### Goal of the exercise
The answer should be every line below, repeated exactly, with the images left out.

[Extracted data entries]
------------------------
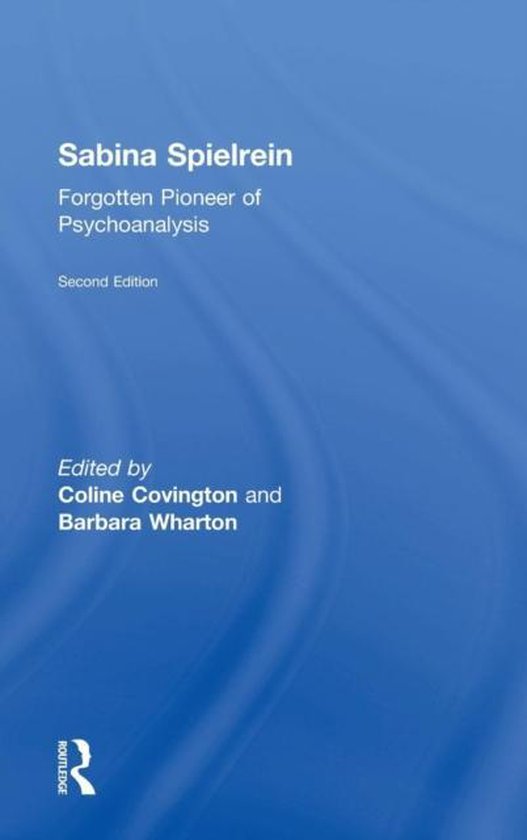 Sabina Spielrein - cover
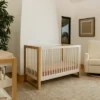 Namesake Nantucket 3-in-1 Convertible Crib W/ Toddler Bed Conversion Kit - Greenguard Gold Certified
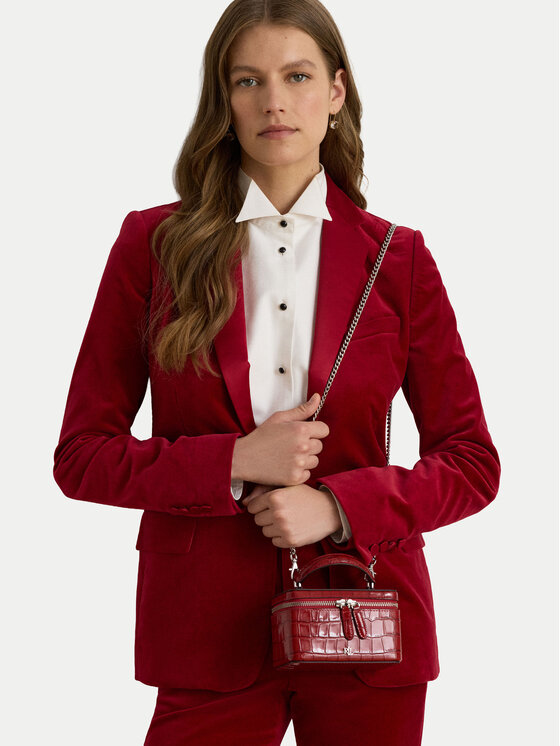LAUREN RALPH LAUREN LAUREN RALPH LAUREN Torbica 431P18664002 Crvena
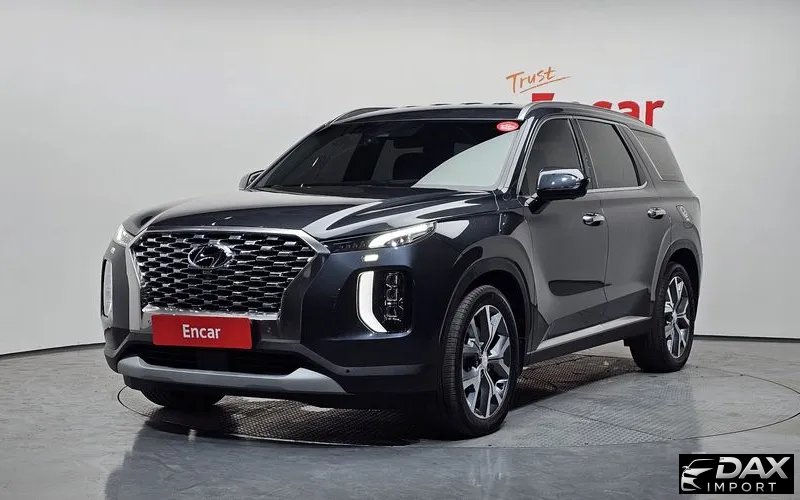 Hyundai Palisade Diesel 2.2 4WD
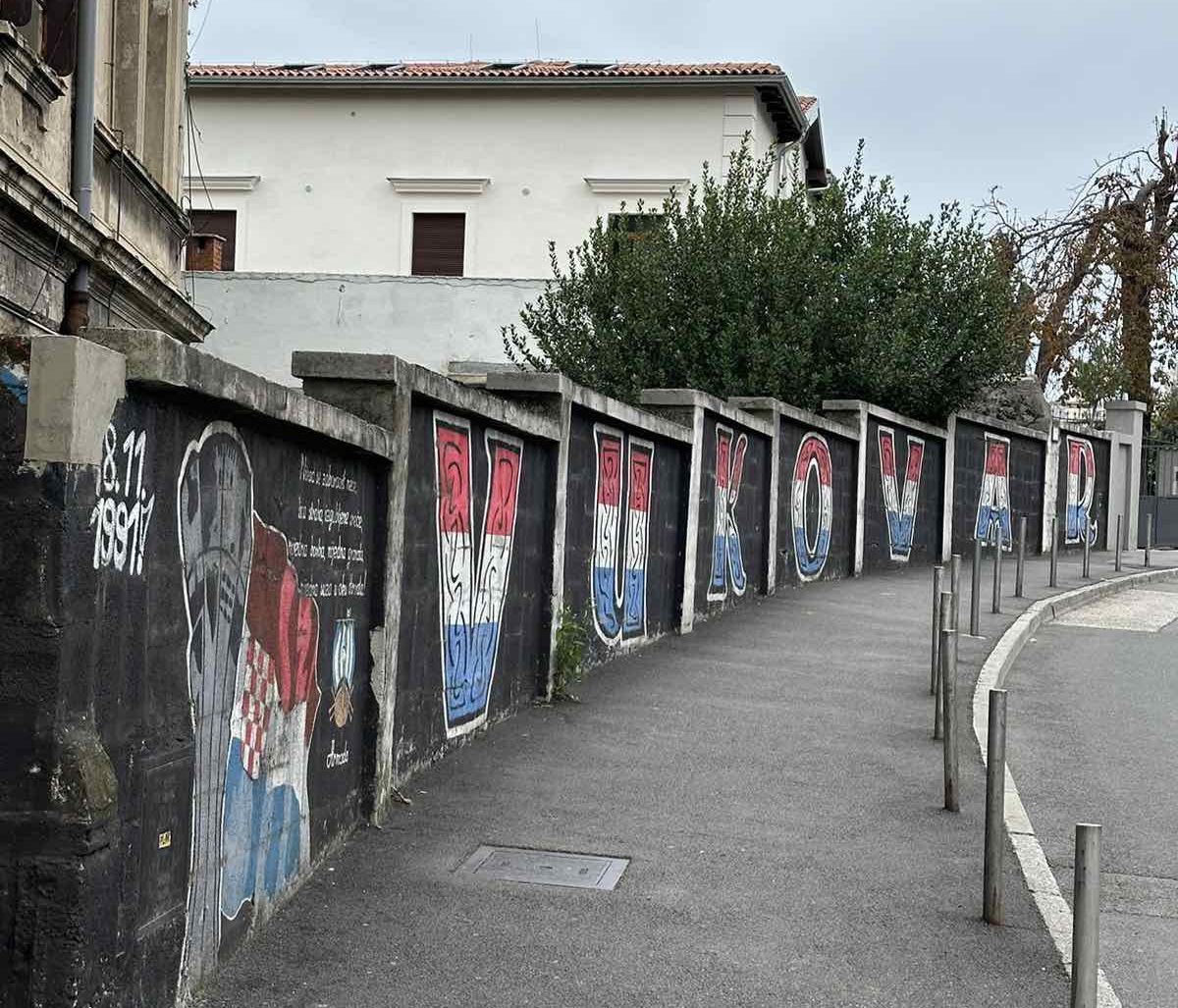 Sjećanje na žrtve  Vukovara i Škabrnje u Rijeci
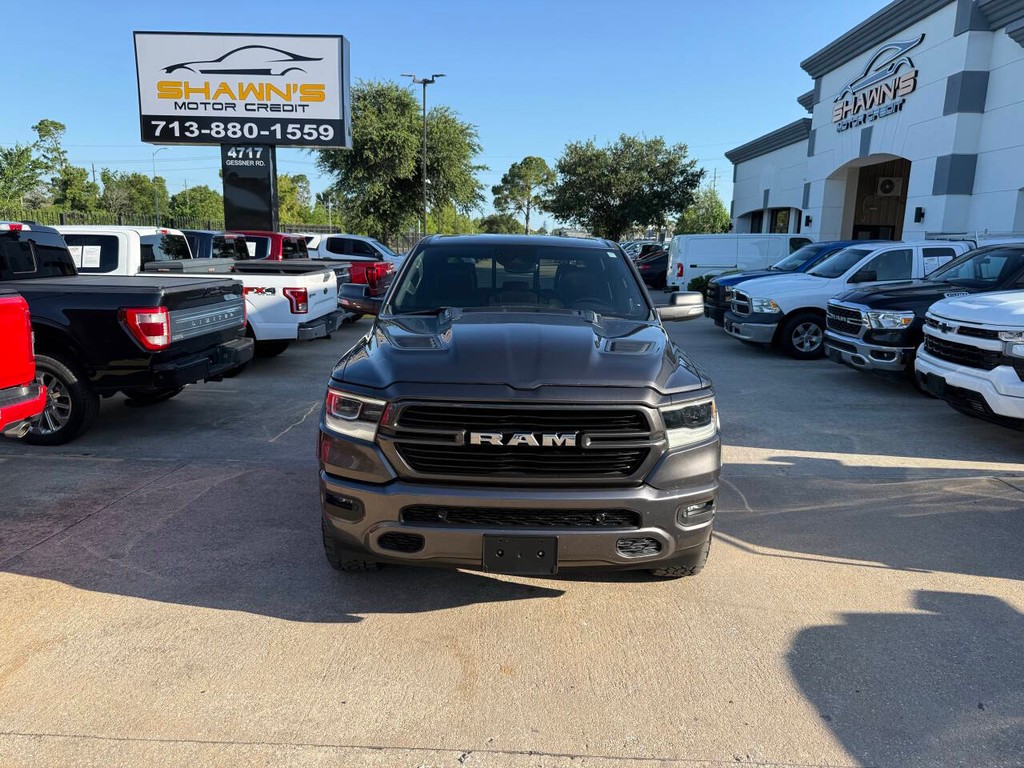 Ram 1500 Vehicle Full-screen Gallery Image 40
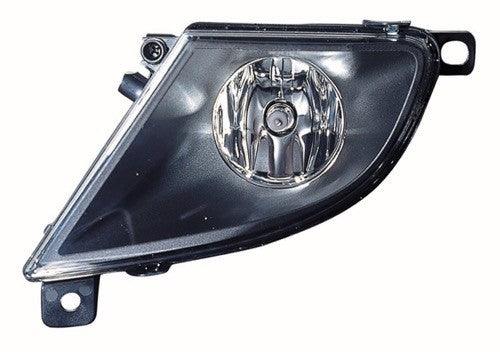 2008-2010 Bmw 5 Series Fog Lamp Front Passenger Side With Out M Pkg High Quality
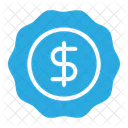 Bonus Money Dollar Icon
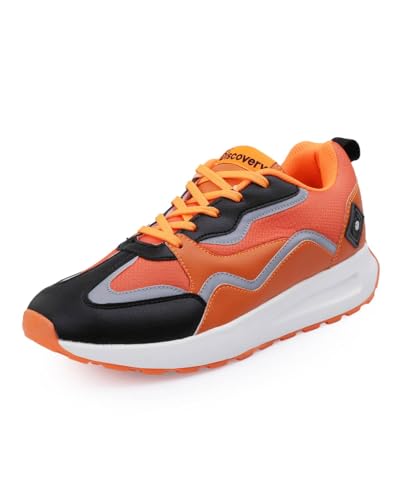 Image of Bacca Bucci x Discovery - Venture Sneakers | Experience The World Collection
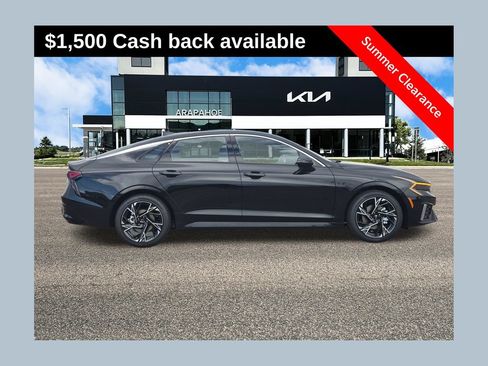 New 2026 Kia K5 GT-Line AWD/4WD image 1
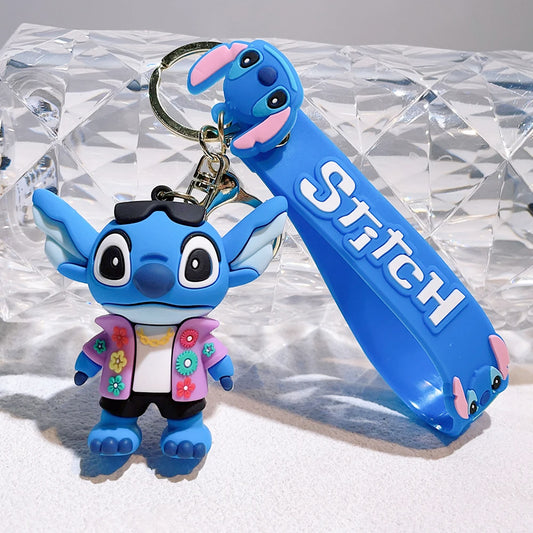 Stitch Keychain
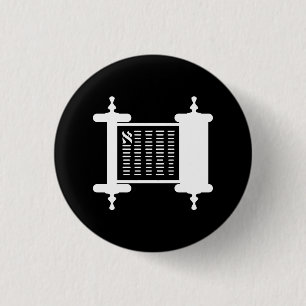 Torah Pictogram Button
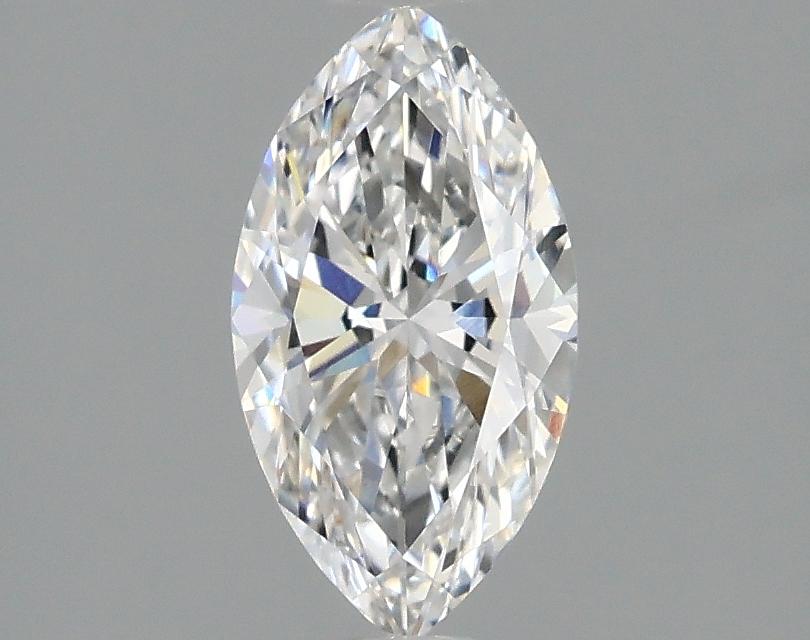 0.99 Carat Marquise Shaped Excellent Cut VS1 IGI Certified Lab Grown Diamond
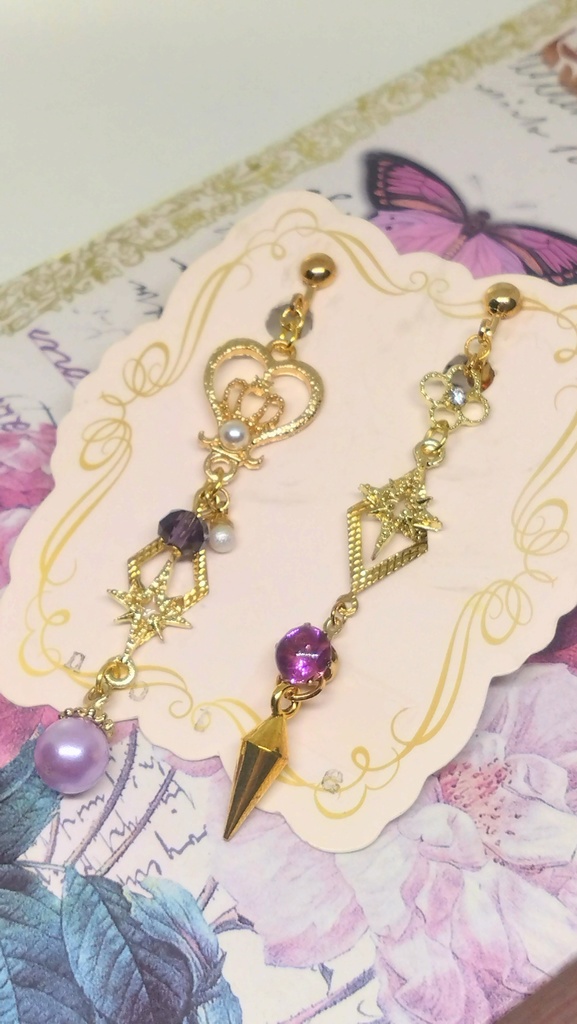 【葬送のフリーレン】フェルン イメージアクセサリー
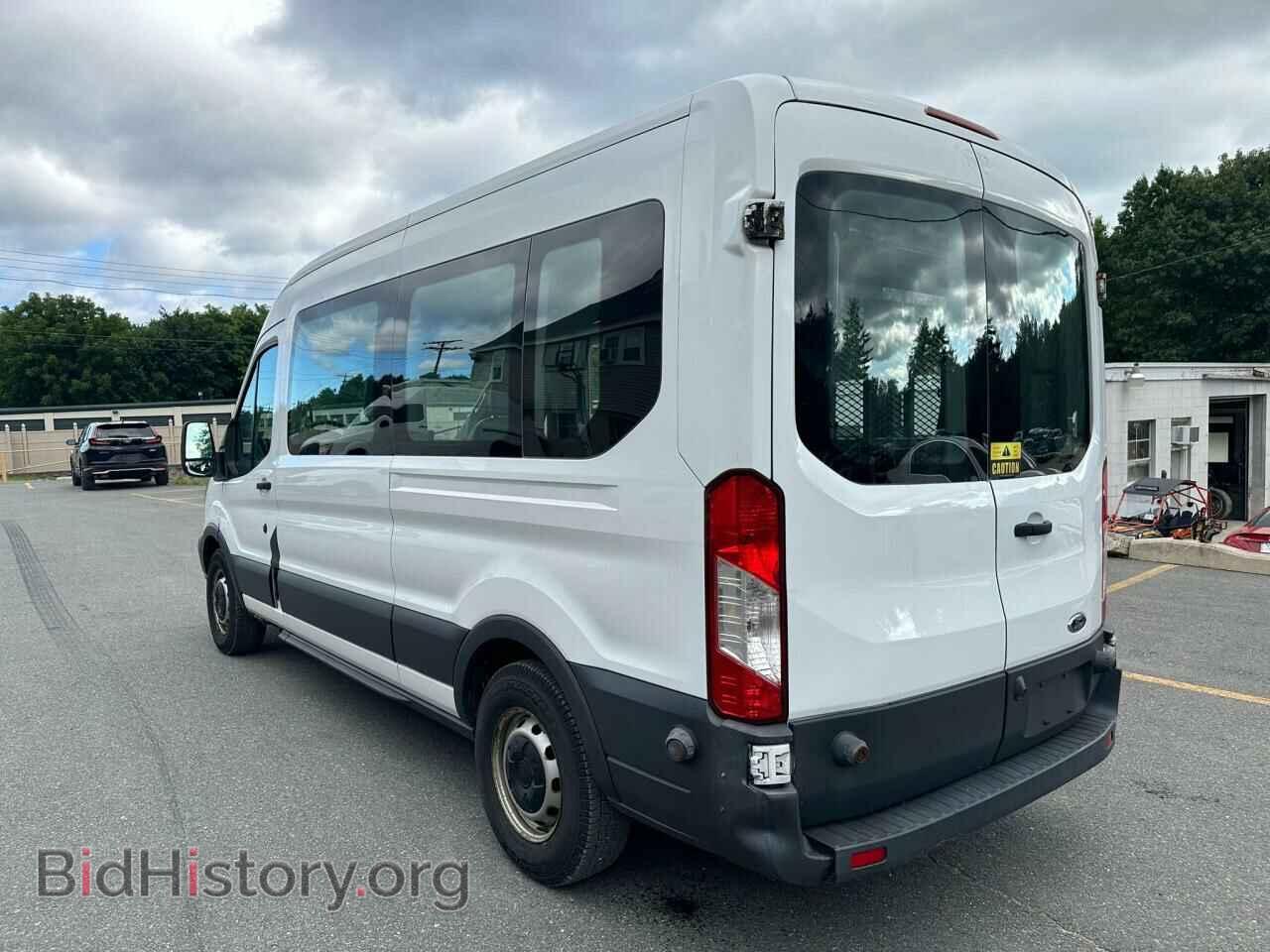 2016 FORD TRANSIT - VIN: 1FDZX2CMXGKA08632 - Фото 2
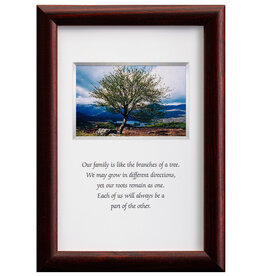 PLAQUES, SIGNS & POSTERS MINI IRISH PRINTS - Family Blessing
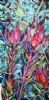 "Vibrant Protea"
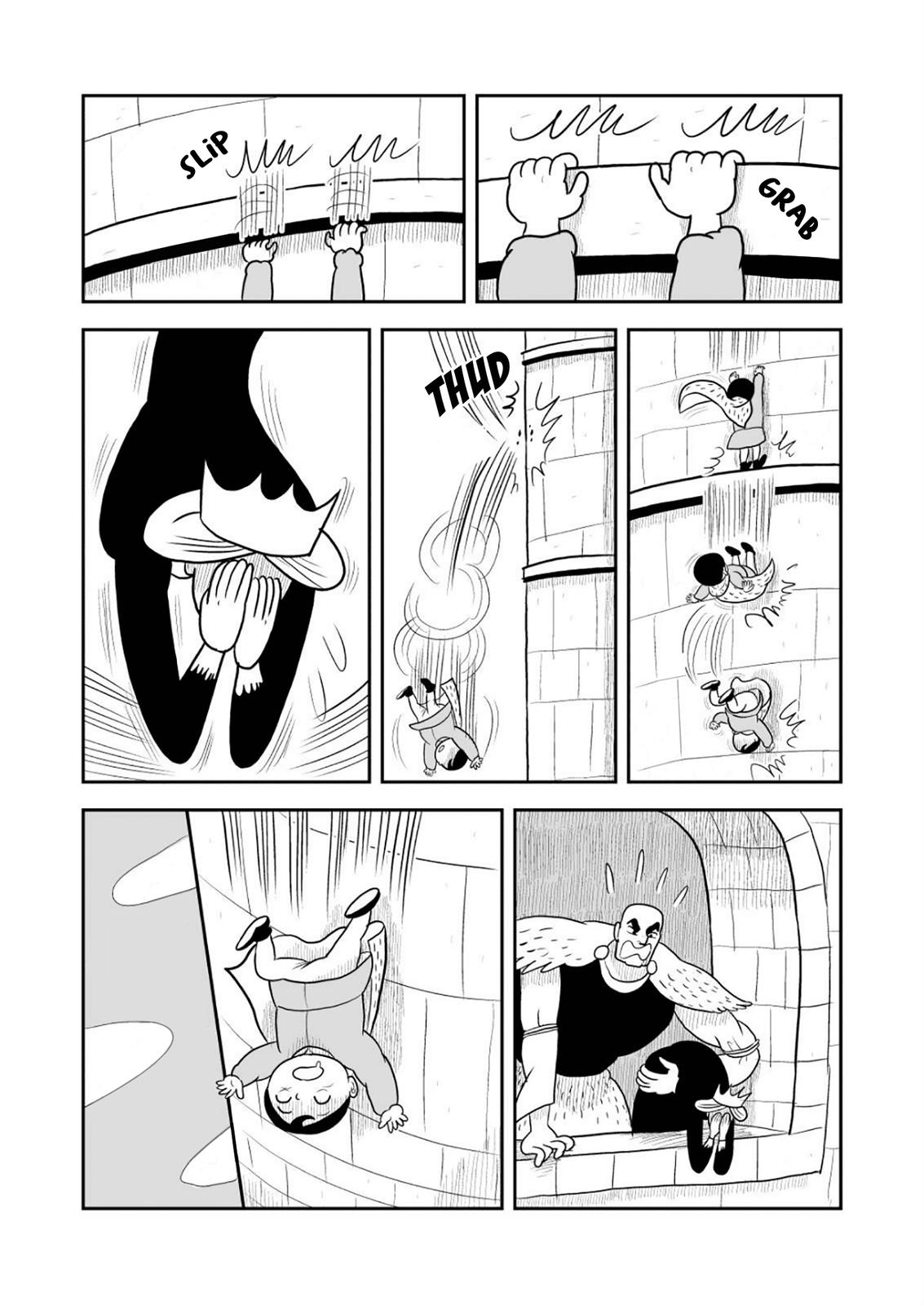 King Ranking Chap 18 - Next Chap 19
------------------------
### Solution below
 Sabina Spielrein - cover
 Namesake Nantucket 3-in-1 Convertible Crib W/ Toddler Bed Conversion Kit - Greenguard Gold Certified
LAUREN RALPH LAUREN LAUREN RALPH LAUREN Torbica 431P18664002 Crvena
 Hyundai Palisade Diesel 2.2 4WD
 Sjećanje na žrtve  Vukovara i Škabrnje u Rijeci
 Ram 1500 Vehicle Full-screen Gallery Image 40
 2008-2010 Bmw 5 Series Fog Lamp Front Passenger Side With Out M Pkg High Quality
 Bonus Money Dollar Icon
 Image of Bacca Bucci x Discovery - Venture Sneakers | Experience The World Collection
 New 2026 Kia K5 GT-Line AWD/4WD image 1
 Stitch Keychain
 Torah Pictogram Button
 0.99 Carat Marquise Shaped Excellent Cut VS1 IGI Certified Lab Grown Diamond
 【葬送のフリーレン】フェルン イメージアクセサリー
 2016 FORD TRANSIT - VIN: 1FDZX2CMXGKA08632 - Фото 2
 PLAQUES, SIGNS & POSTERS MINI IRISH PRINTS - Family Blessing
 "Vibrant Protea"
 King Ranking Chap 18 - Next Chap 19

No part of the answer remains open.